Finanziamenti all’industria della carne: 1.200 volte in più rispetto a carne vegetale e coltivata
Nei Paesi ad alto reddito, il consumo pro capite di carne è molto vicino e talvolta superiore ai 100 chilogrammi all’anno. Al di là delle questioni etiche e delle varie scelte per la propria alimentazione, una cosa è certa: ridurre il consumo di carne è tra i comportamenti individuali più preziosi per combattere i cambiamenti climatici. Questo perché, analizzando i consumi di acqua e di energia necessari per gli allevamenti, la necessità di aree coltivabili, l’inquinamento legato all’industria delle carne e via dicendo, non ci sono dubbi nell’affermare che tale comportamento alimentare non è sostenibile. Ecco che allora diventa molto importante proporre delle effettive alternative ai consumatori, nonché informare il pubblico sull’inquinamento legato al consumo eccessivo di carne. Come prevedibile, uno studio ha però dimostrato due cose: prima di tutto che i finanziamenti all’industria della carne sono di gran lunga superiori rispetto a quelli indirizzati verso l’industria della carne coltivata e vegetale; in secondo luogo, che vi è troppa poca informazione sull’impatto ambientale della produzione di carne, soprattutto a livello delle linee guida alimentari ufficiali.

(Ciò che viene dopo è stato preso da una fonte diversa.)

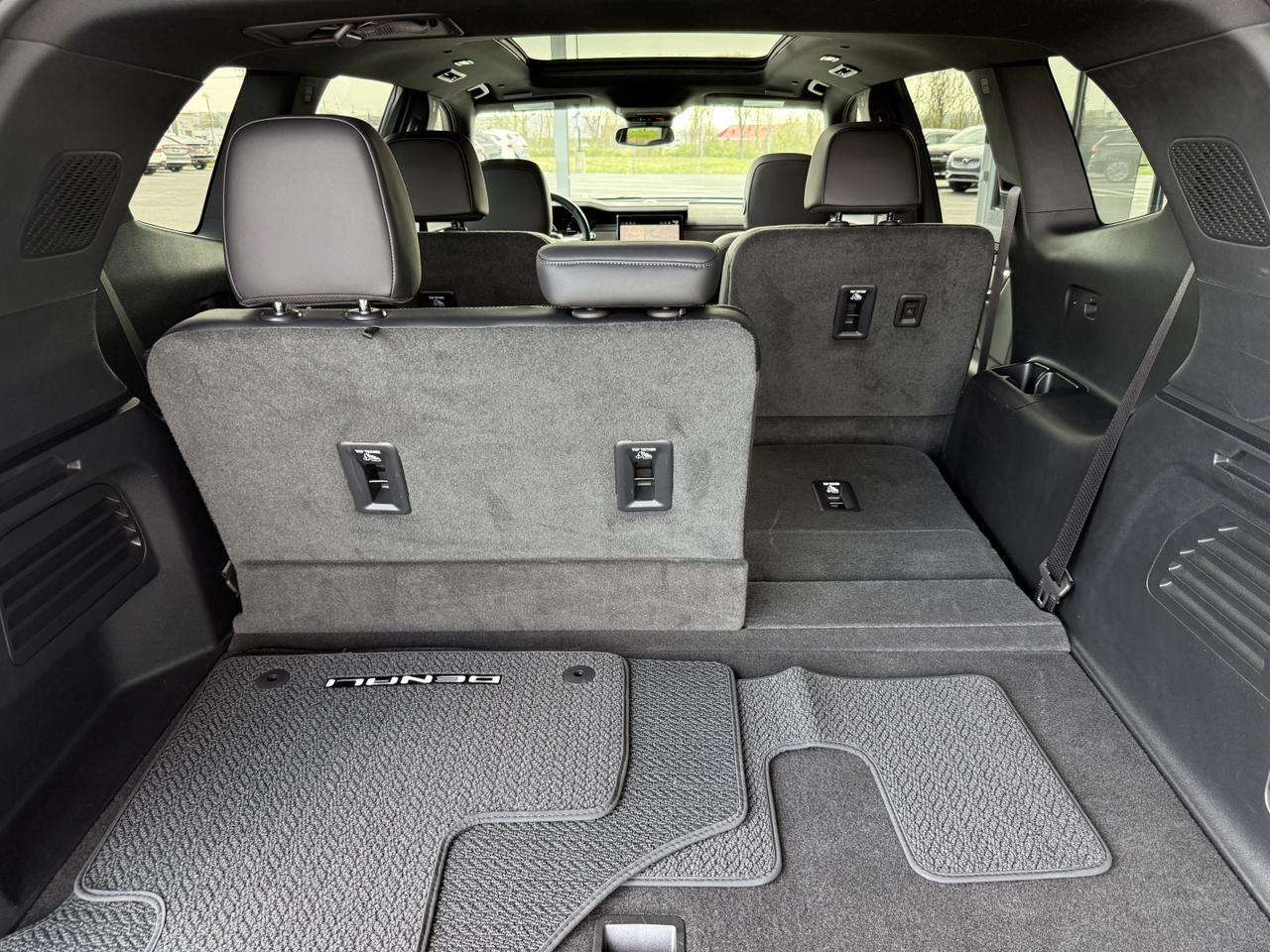 2024 GMC Acadia Denali - Photo 45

Lo studio: i finanziamenti all’industria della carne
Lo studio che compara i finanziamenti all’industria della carne con quelli rivolti alla carne vegetale e coltivata è stato pubblicato sulla rivista One Earth, andando ad analizzare le principali politiche agricole messe in campo negli Stati Uniti e in Unione Europea tra il 2014 e il 2020. A firmare lo studio sono stati Eric Lambin e Simona Vallone, entrambi della Stanford University. Si scopre così che a bloccare il processo di riduzione del consumo di carne è in primo luogo proprio lo “strapotere” economico dell’industria della carne, la quale può godere di finanziamenti di gran lunga superiori.

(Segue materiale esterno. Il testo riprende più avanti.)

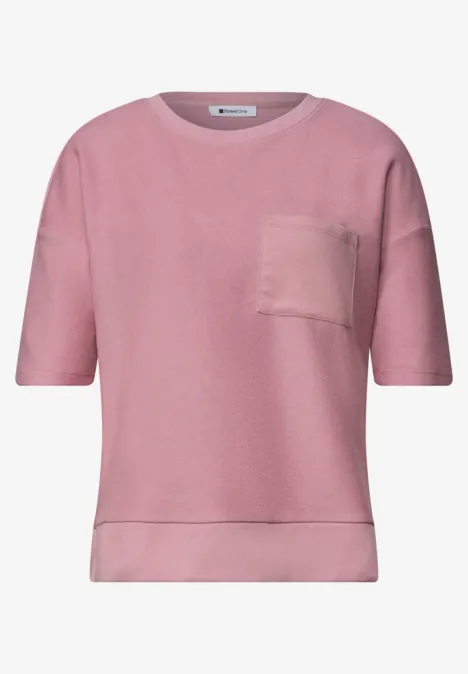 Shirt met ronde hals en structuur vintage blush Lichtroze shirt met korte mouwen en een losse pasvorm, voorzien van een borstzakje.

Analizzando regolamenti e sussidi gli studiosi sono arrivati a dimostrare che i finanziamenti all’industria della carne nell’Unione Europea sono 1.200 volte superiori rispetto a quelli destinati alle realtà dedicate alla produzione di carne coltivata e vegetale. E certo, non è strano che un’industria grande come quella della carne attiri finanziamenti maggiori rispetto a quella ancora “neonata” della carne vegetale; guardando però al medesimo fenomeno dalla prospettiva dei cambiamenti climatici, e sapendo che il 15% delle emissioni di gas a effetto serra arriva proprio dagli allevamenti, il discorso cambia parecchio. E se in UE i finanziamenti all’industria della carne sono 1.200 volte superiori, negli Stati Uniti si parla di circa 800 volte in più.

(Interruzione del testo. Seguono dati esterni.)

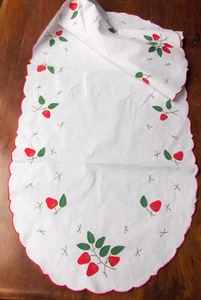 CHEMIN DE TABLE NAPPERON BRODE MAIN FRAISES 40x 110  ovale  SUPER PROMO*** - Picture 1 of 2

Il problema delle linee guida per il consumo alimentare
Non si parla peraltro solamente di soldi. A bloccare e rallentare la crescita delle alternative vegetali e coltivate non sono solamente i finanziamenti all’industria della carne: anche il lessico usato e le linee guida fanno la loro parte. Lo studio ha per esempio segnalato i regolamenti che fin dal 2017 fanno divieto nell’Unione Europea di usare termini come “latte” o “formaggio” per le alternative ai latticini; negli Stati Uniti si è persino arrivati a una proposta per vietare la vendita di alternative alla carne a meno che le confezioni non riportino la parola “imitation”.
Sono inoltre finite sotto l’attenzione degli studiosi le linee guida nazionali alimentari, le quali influenzano le diete di milioni di persone che ogni giorno mangiano negli enti pubblici, e quindi in scuole, ospedali, carceri e via dicendo: in nessuno dei documenti statunitensi consultati sono stati trovati riferimenti all maggior inquinamento connesso al consumo di carne, mentre in Unione Europea sono stati trovati dei riferimenti solamente nelle linee guida di 4 Paesi (su 27).
Come ha spiegato Eric Lambin sulle pagine del Guardian, «il nuovo settore deve avere la possibilità di espandersi e di guadagnare efficienza. Successivamente, i consumatori potranno scegliere autonomamente, e gli scienziati giudicheranno se è davvero meglio per l’ambiente e per la salute. Ma se questo nuovo settore non può nemmeno svilupparsi fino a un livello che ci permetterà di fare queste valutazioni, sarà un’opportunità persa per passare a un sistema alimentare sostenibile».